Records from a data collection:
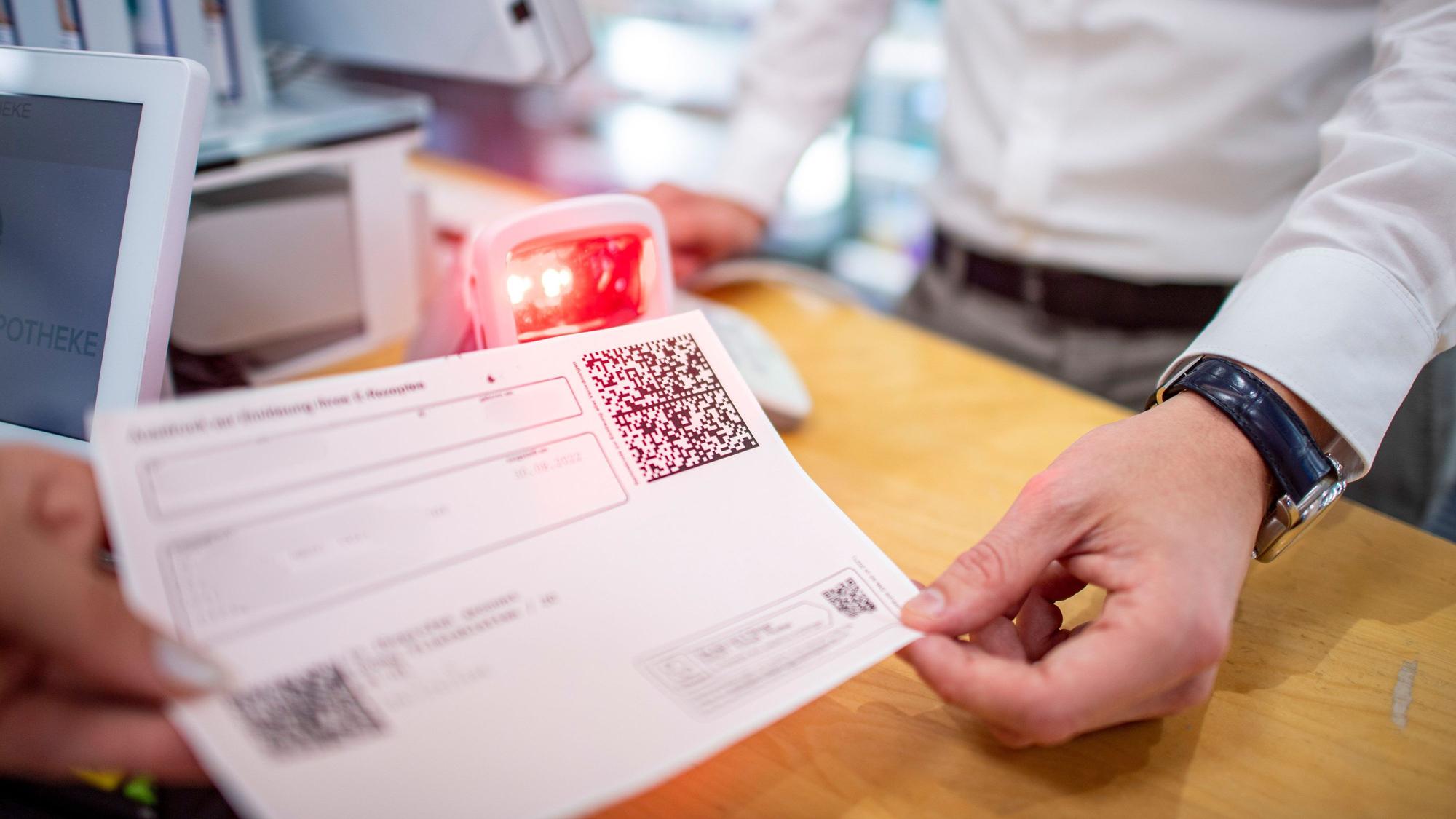 Ein Rezept mit einem QR-Code wird einem Mitarbeiter in einer Apotheke überreicht.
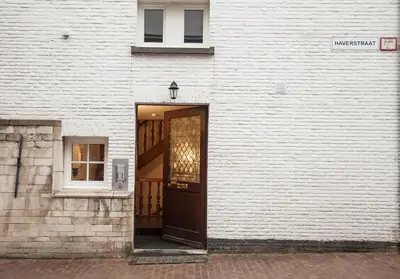 a door to a building with a white wall at Luxury Suites Riverside Residence by Rikas Hotels in Antwerp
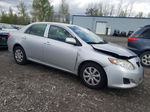 2010 Toyota Corolla Base Silver vin: JTDBU4EE8A9110560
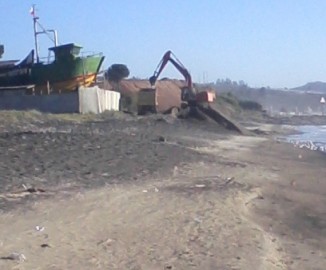 Máquina retroexcavadora se lleva camionadas de arena desde Playa Negra en Coronel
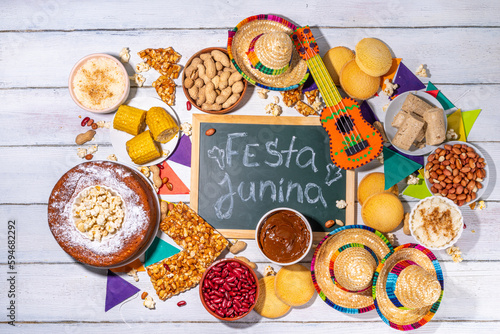 Traditional Festa Junina Summer Festival Carnival Food. Traditional Brazilian Festa Junina dishes and snacks - popcorn, peanuts, corn cake and cookie, pacoca, with holiday decorations and accessories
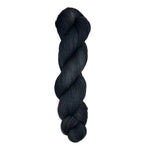Skein of hand dyed fingering weight yarn in the color black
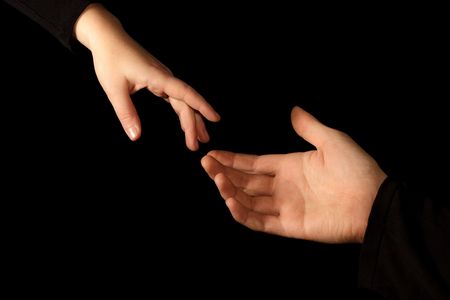 Two hands isolated on black background, one female, one man. Hands almost touching.の写真素材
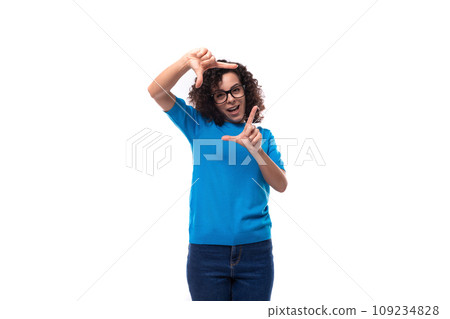 portrait of a young woman with curly hair dressed in a blue t-shirt working in the field of 109234828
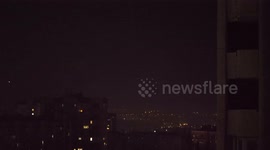 Odesa, March the 7th, 2025, flash from explosion of a drone targeting the sea port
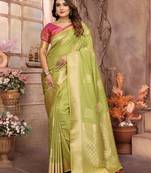 Green graceful soft silk blend saree with woven zari work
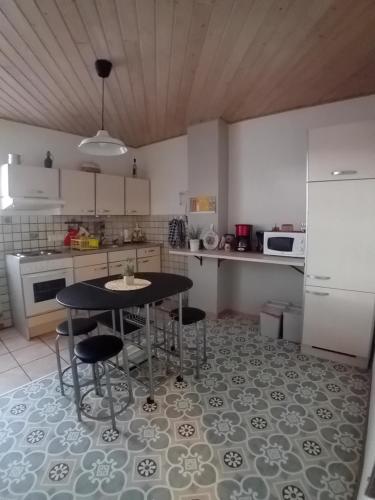 une cuisine avec une table, des chaises et un réfrigérateur dans l'établissement appartement spacieux dans joli village alsacien, à Châtenois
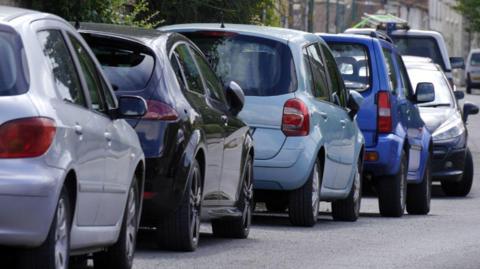 A line of cars parallel parked on the edge of a street.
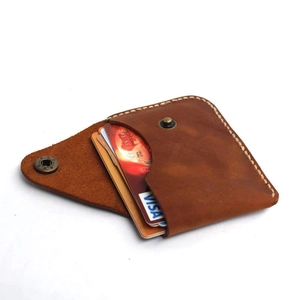 Handmade brown leather card holder with snap button closure and retro envelope design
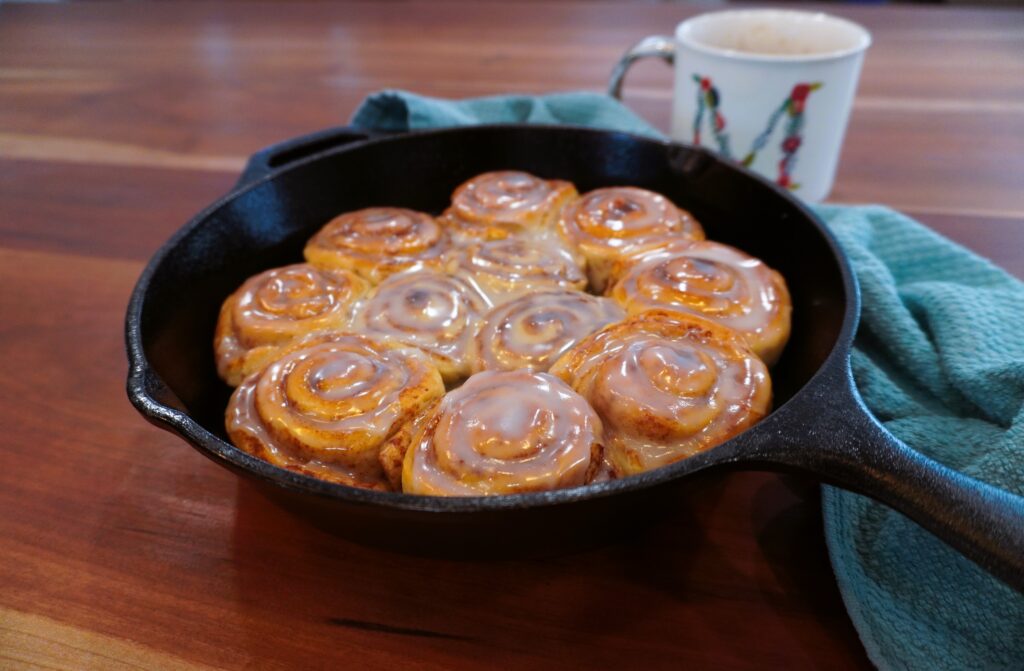 iced cinnamon rolls in a cast iron skillet next to a mug and teal towel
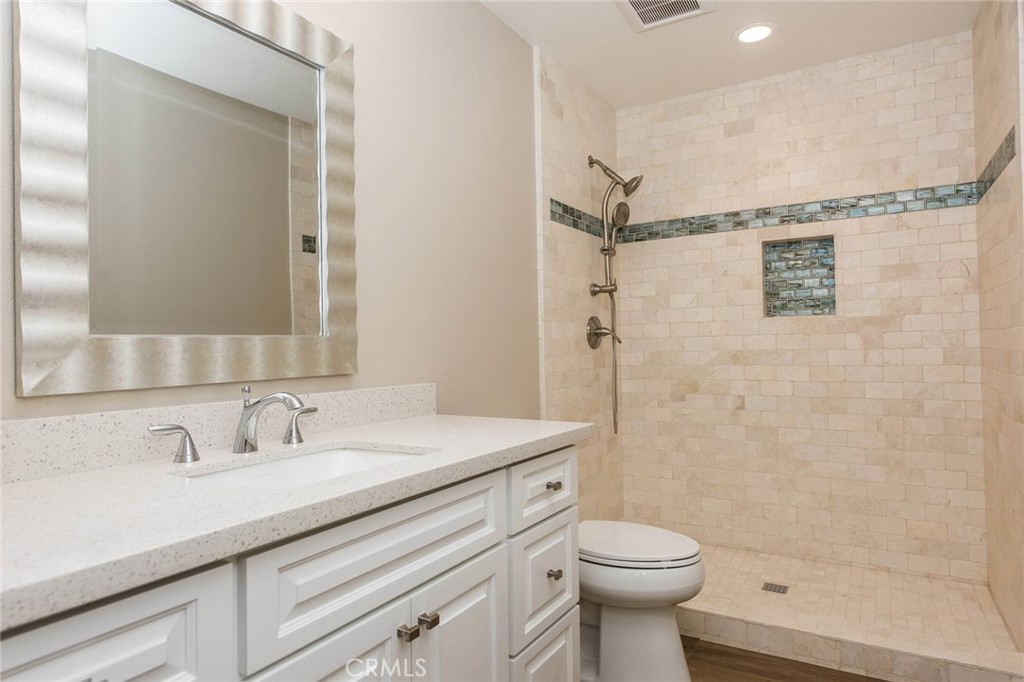 20 Acacia Tree Lane Irvine, CA 92612 - Photo 11 of 44 a bathroom with a sink toilet and shower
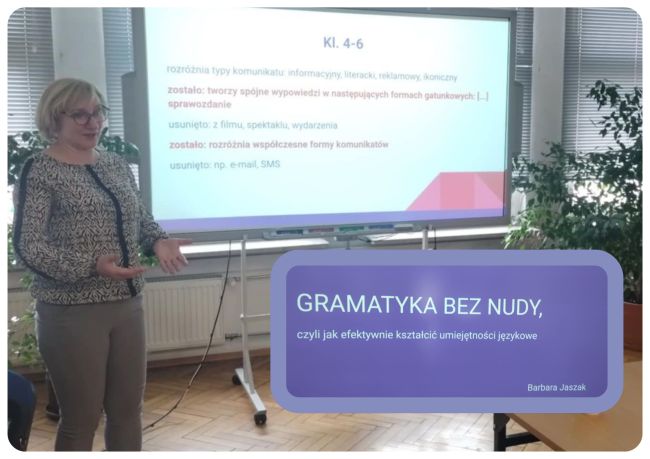 Prowadząca stoi przy tablicy interaktywnej. Omawia prezentację.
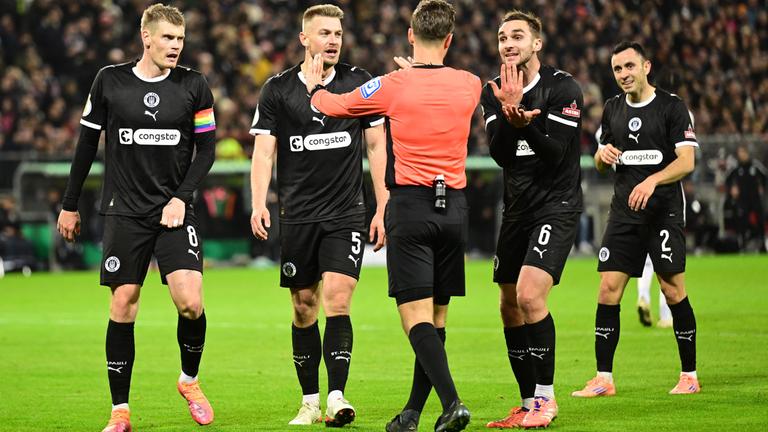 St.-Pauli-Spieler reden mit Schiedsrichter Schlager. 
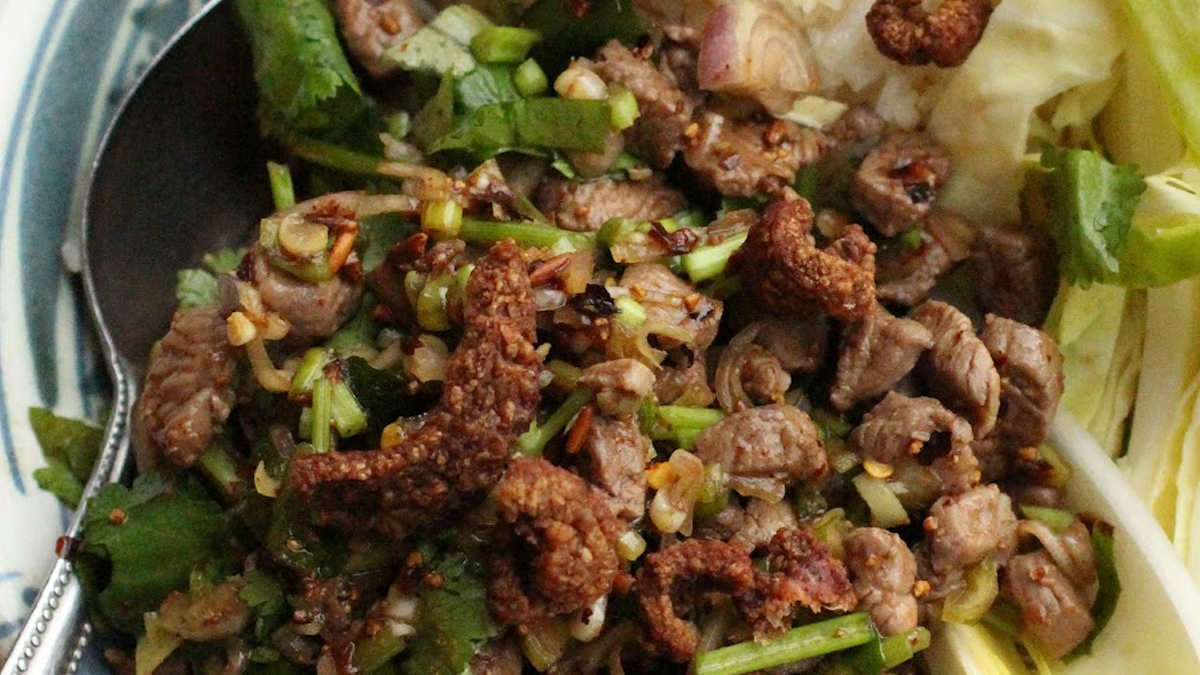 Gros plan d'un plat de Larb thaïlandais, composé de petits morceaux de viande cuite mélangés à des herbes fraîches comme la coriandre et la menthe, des échalotes tranchées, de la poudre de riz grillé et des morceaux de couenne de porc croustillante. Une cuillère en métal est plongée dans le plat, avec des feuilles de chou cru sur le côté.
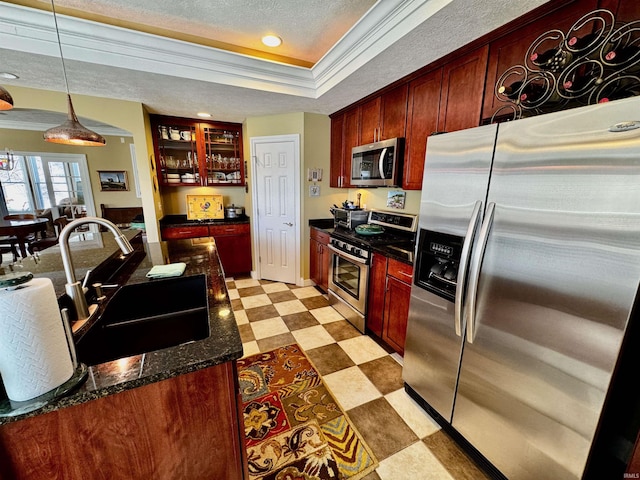 kitchen with stainless steel appliances, a sink, a textured ceiling, light floors, and a raised ceiling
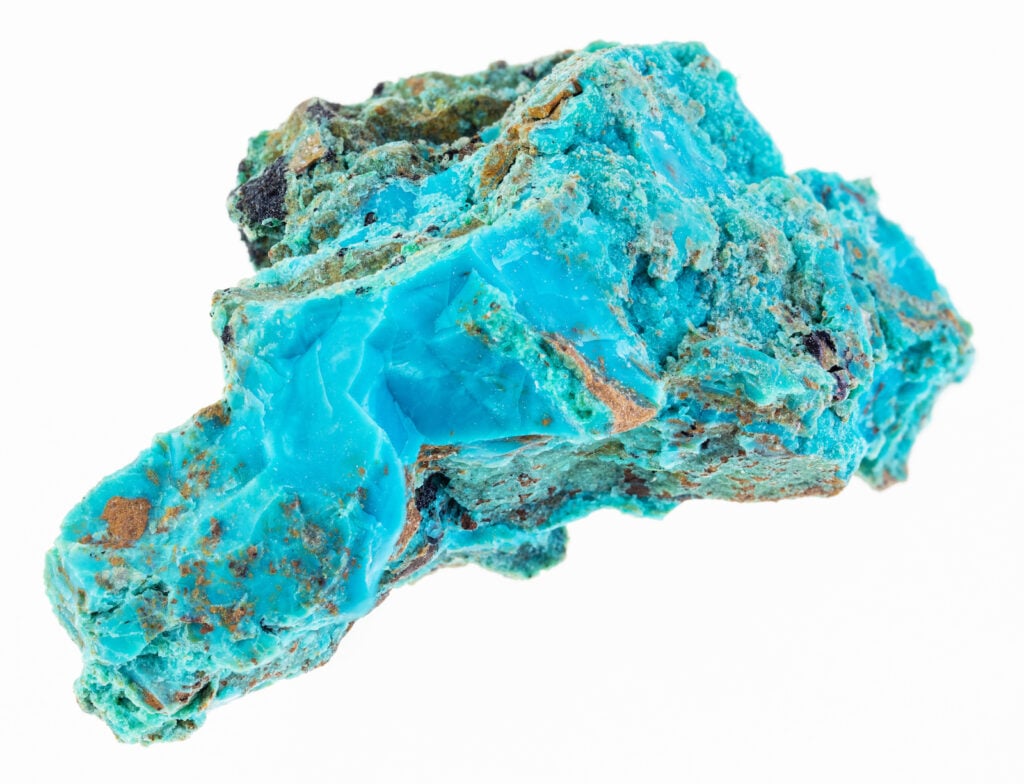 Macro shot of raw chrysocolla stone on a white background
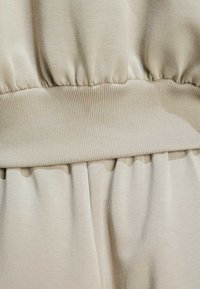 Bežna tkanina s mekanom teksturom i elastičnom trakom za struk. Nabrani detalj na šavu stvara efekt drapiranja. Glatki, rastezljivi materijal.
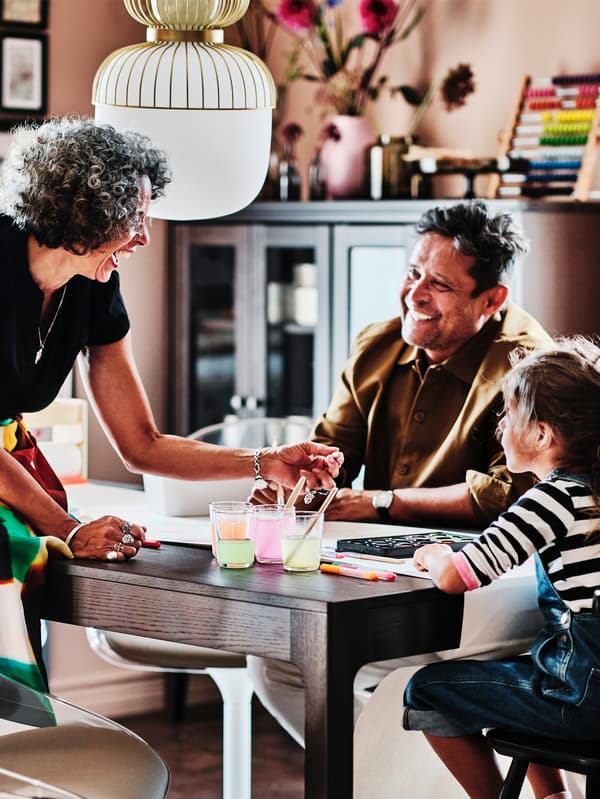 Deux adultes et un enfant autour d’une table extensible EKEDALEN en brun foncé. L’enfant est assis sur une chaise junior AGAM en noir.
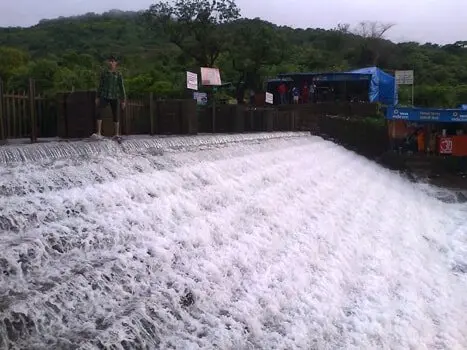 Tourists enjoying waterfall wading at Bhushi Dam during monsoon, one of the top places to visit Khandala for family fun.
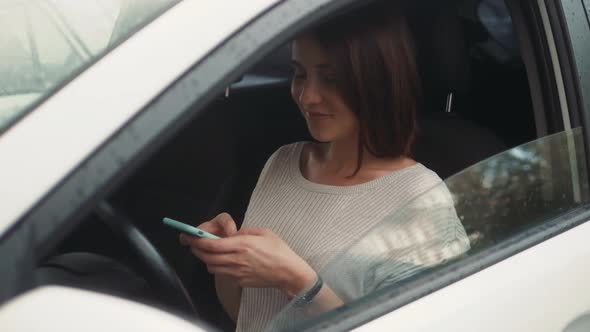 Happy Woman Sitting Inside Car Using a Smart Phone Voice Recognition Function Online Outdoors Speech alt
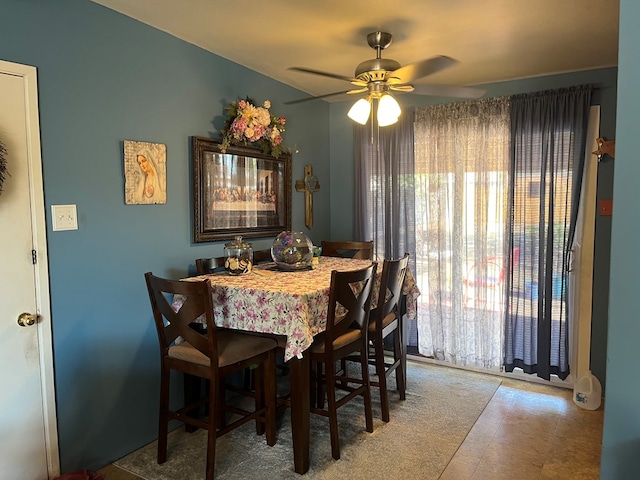 dining space with ceiling fan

▶ Work item
Now transcribe the lines above exactly, starting at the line containing "Máquina retroexcavadora se" and ending at the line containing "Skein of hand", both lines included, pictures excluded.

▶ Answer section
 Máquina retroexcavadora se lleva camionadas de arena desde Playa Negra en Coronel
 Traditional Festa Junina Summer Festival Carnival Food. Traditional Brazilian Festa Junina dishes and snacks - popcorn, peanuts, corn cake and cookie, pacoca, with holiday decorations and accessories
Skein of hand dyed fingering weight yarn in the color black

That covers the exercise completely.